My Scottish gran, wee Nellie, the youngest of 13 children, won a scholarship to St Margarets Convent. Her parents decided that going on to high school would just lead to problems. Aged 14 my gran was apprenticed to the J & P Coats Mills in Paisley. She always claimed that her parents had made the right decision but there was a simmering anger within her that evinced otherwise.
It was this anger, this ferocity that always impressed and terrified me about her. On one hand she was verbally though not physically affectionate. Every week she and I would hang out and I would polish and pootle about with her collections of brass miniatures and antique buttons and talk. Then we would walk. “Let’s click hen” she would say to me linking arms with me in a conspiratorial way when I tried to hold her hand. At some point my gran would meet someone, some elderly woman that she knew from the church. At that point she would relinquish my arm and stare the other woman straight in the eye. A conversation that appeared cordial would then ensue. After what seemed an eternity to me (probably 5 minutes), the conversation would draw to a close and the parties would disengage. “See you hen” my gran would smile and wave. “That one” she would then mutter to me “I would piss on that one if she was on fire, she’s a spark out of hell that one”.
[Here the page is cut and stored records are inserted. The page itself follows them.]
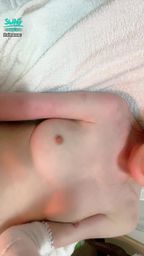 simonac : 殘寶貝開直播囉!有來就🉐️免費影片(無需刷禮🥰)/Going live! All who joins get Free videos (No gifts required)!💦💦💦 #殘寶貝 #直播主 #直播中 #免費福利 #免費 #免費影片 #免費 #英文 #english #livestream #livehost #free #freebie #livehost #freevideos #english chat #englishhost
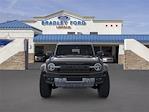 New 2025 Ford Bronco Raptor 4x4 SUV for sale #F25338 - photo 31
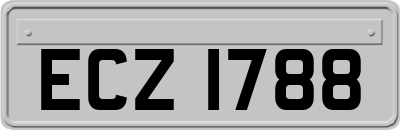 ECZ1788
The childhood me often wondered why Gran spoke to people she disliked so intensely. Later I realised, like a Mafioso she would keep her friends close and her enemies closer. Her single most important piece of advice to me was – “tell no one anything hen, you only empty your mouth to fill someone else’s”. To this day, I follow her advice. Anything that you tell me in confidence will stay in my confidence. Completely, absolutely and irrevocably.
There was another ferocious grandmother Helen in my life, the chain smoking, languid, elegant one. The one who wore beautiful clothes and shoes, who was never seen without a shampoo and set or a manicure or a full face of make up.
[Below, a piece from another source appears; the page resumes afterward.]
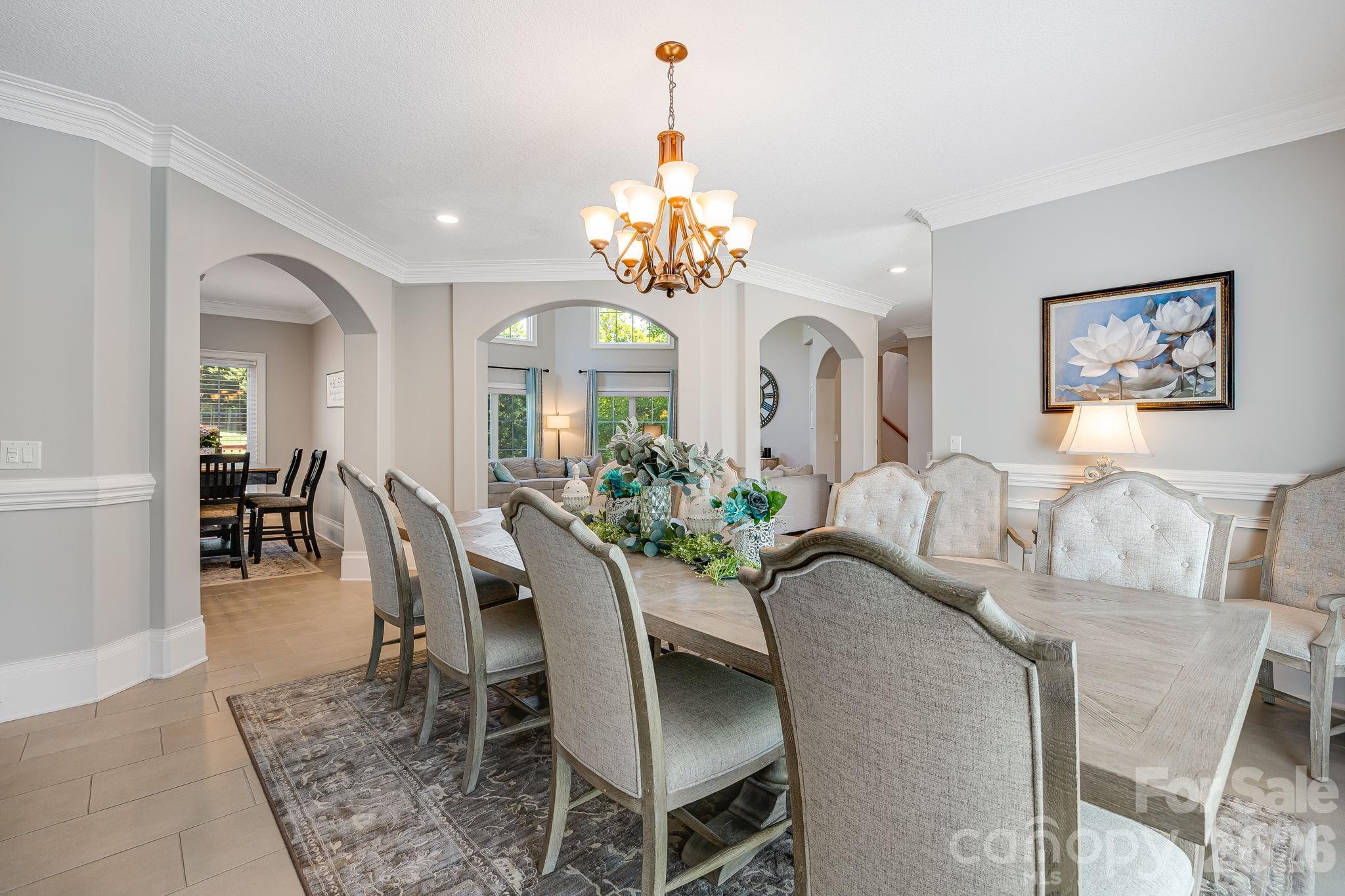 2 Sterling Run Drive Fletcher NC 28732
“tell no one anything hen, you only empty your mouth to fill someone else’s”
Grandma Helen and I were never going to see eye to eye. Her concept of good grandchildren were children who sat quietly and ate instead of talking. “What wonderful appetites your children have!” she would exclaim to my mother. This was all very well until I became a teenager when she would remind me frequently not to eat too much. There was an odd tension in my grandma Helen’s eating habits. On the one hand she would drink Tab diet coke
and on the other hand, she could and would happily eat her way through a retail display tray of Cadburys® Crème Eggs at a single sitting. While chain smoking and drinking diet coke.
And yet despite her girth and the fact that her breasts rested on her knees without a bra, my grandma Helen carried herself, all 5 foot 2 inches of her, with elegance and grace and an innate sense of her femininity. “I may be fat” she would say “but I have amazing legs” and she did.
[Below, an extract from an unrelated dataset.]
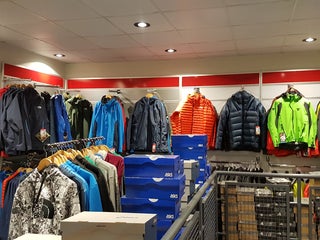 jack and jones brand rating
From her I learned that there is no situation for which a good outfit, a decent hairstyle and a healthy dose of self belief can’t prepare you.
"...there is no situation for which a good outfit, a decent hairstyle and a healthy dose of self belief can’t prepare you"
And then there is my mother. My mother who once was a talented ballerina, who decided that dancing was never going to be a way to live her life, who decided at a very young age that looks do not last and that the only thing that she could rely on to get her through life was her brain. My mother who has healing hands and the ability to avoid judging anyone. My mother who once said “Love expands us.”
From each of these women I have acquired a gift – my fierce protectiveness of my friends and family from Gran, my appreciation of nice clothes, scents and shoes from my grandmother and my belief in the overwhelming power of love from my mother.
Mental, like physical strength, something that we are either born with or something we can acquire by through persistence and hard work. When I look at my strong willed, independent, ferocious little daughter I realise that her battles won’t be so different from mine, from every other woman out there. And I hope, and I pray that it won’t take her 40 plus years to figure out how to fight those battles effectively. Like me.